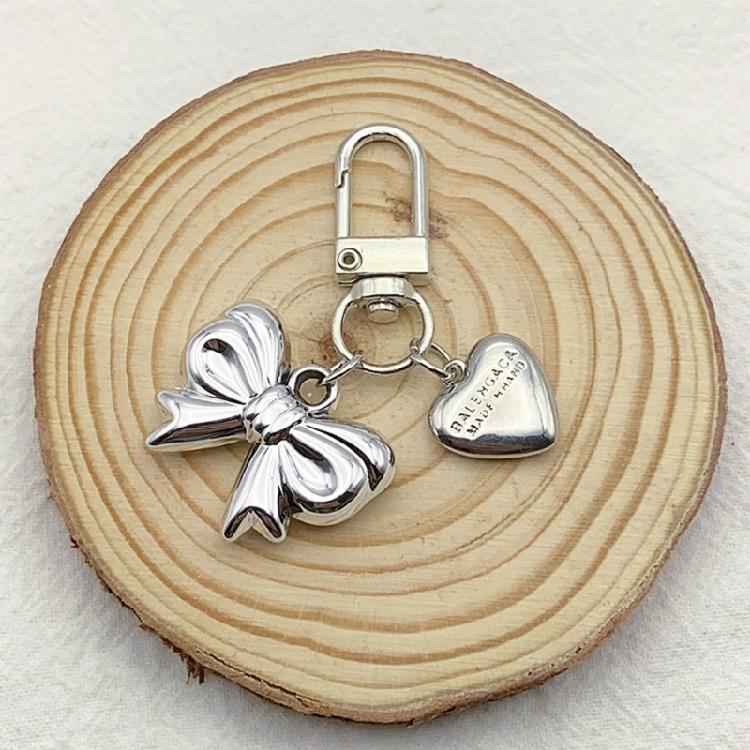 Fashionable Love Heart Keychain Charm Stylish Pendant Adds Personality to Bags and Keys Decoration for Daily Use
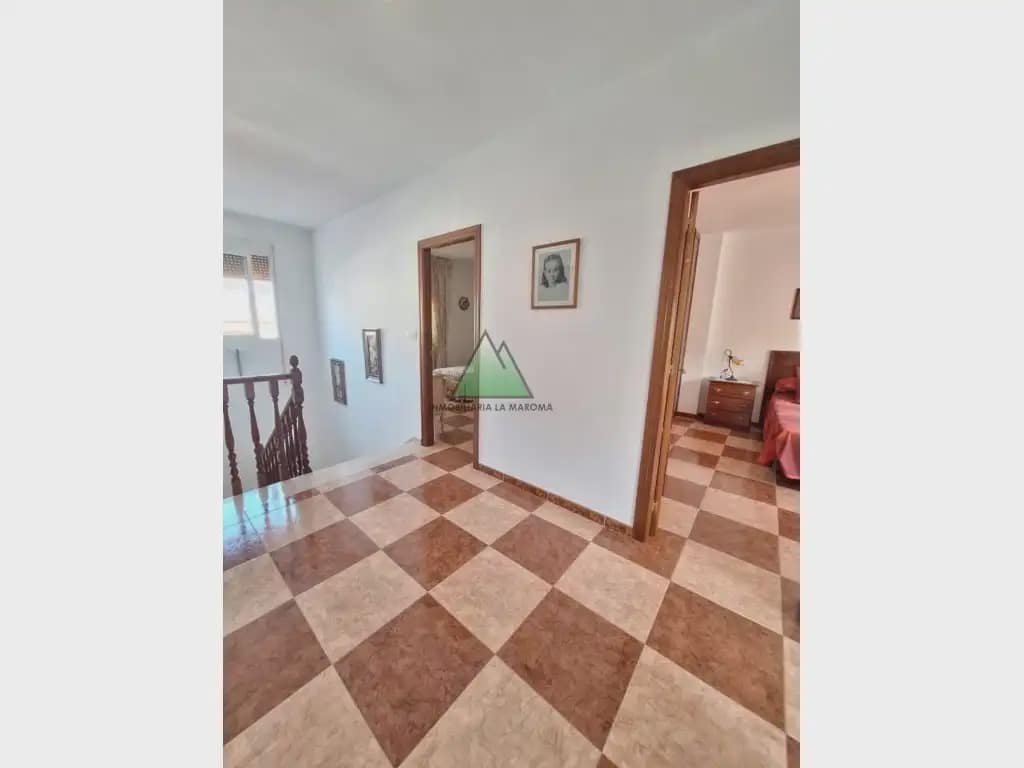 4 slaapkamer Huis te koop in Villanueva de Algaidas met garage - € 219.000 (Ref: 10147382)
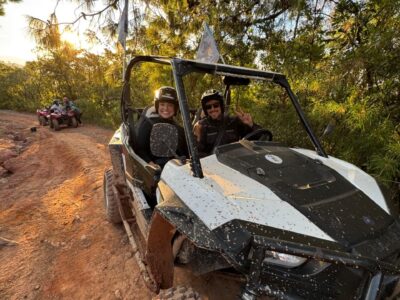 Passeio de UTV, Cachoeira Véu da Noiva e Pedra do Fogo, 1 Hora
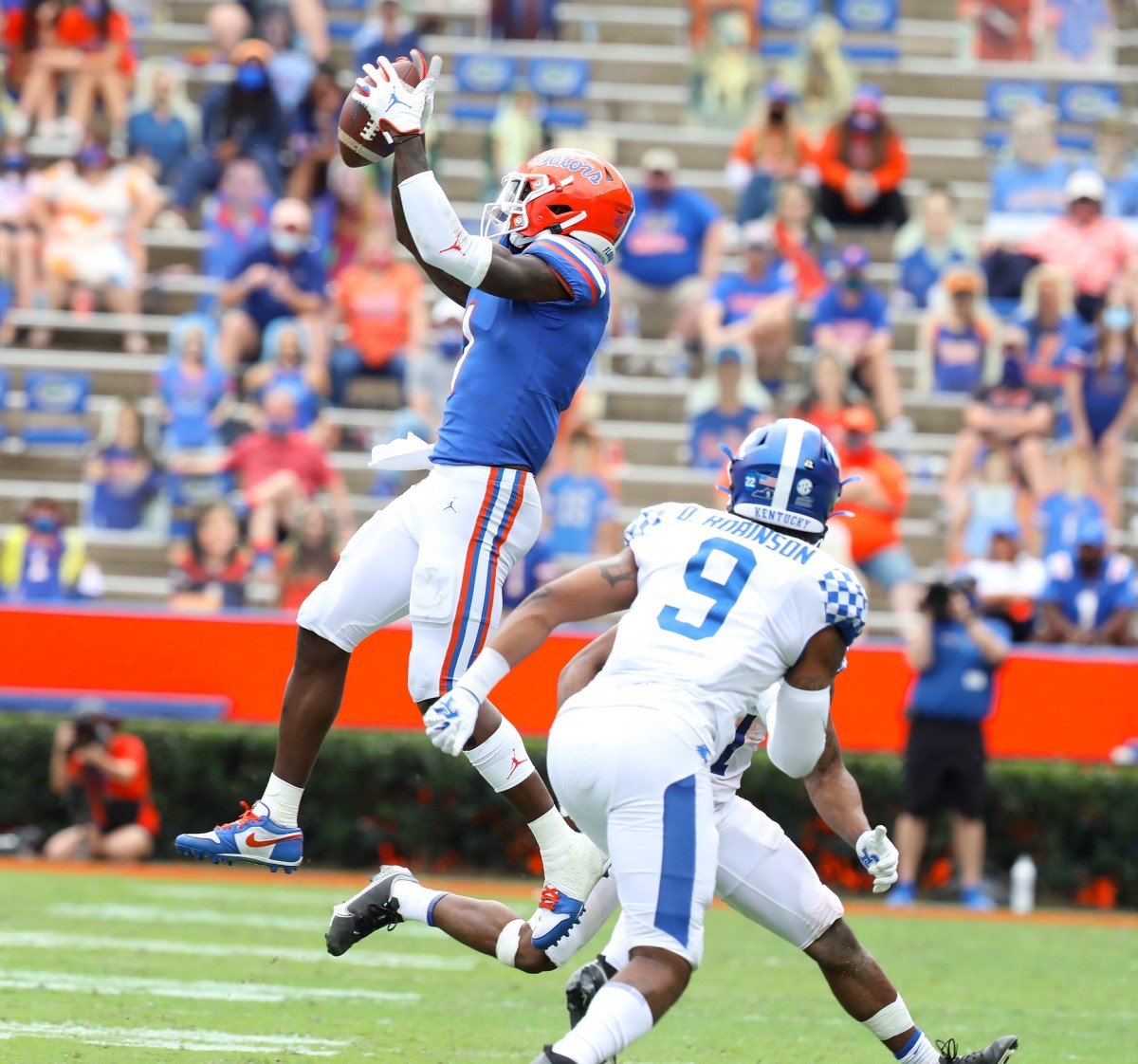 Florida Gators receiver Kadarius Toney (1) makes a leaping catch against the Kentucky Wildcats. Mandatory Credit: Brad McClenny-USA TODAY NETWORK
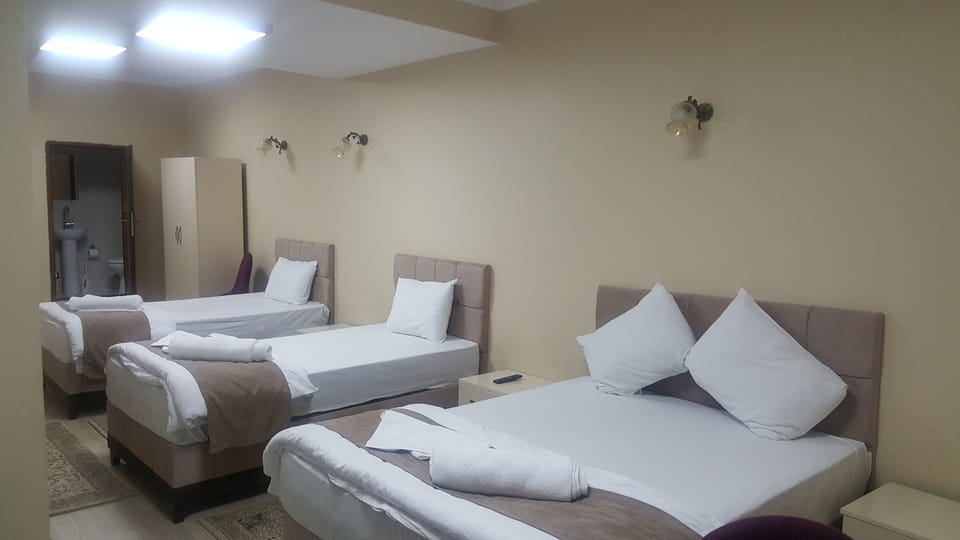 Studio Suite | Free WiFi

▸ **Description of the task**
Copy the entries exactly. No pictures.

▸ **Solution**
 Fashionable Love Heart Keychain Charm Stylish Pendant Adds Personality to Bags and Keys Decoration for Daily Use
 4 slaapkamer Huis te koop in Villanueva de Algaidas met garage - € 219.000 (Ref: 10147382)
 Passeio de UTV, Cachoeira Véu da Noiva e Pedra do Fogo, 1 Hora
 Florida Gators receiver Kadarius Toney (1) makes a leaping catch against the Kentucky Wildcats. Mandatory Credit: Brad McClenny-USA TODAY NETWORK
 Studio Suite | Free WiFi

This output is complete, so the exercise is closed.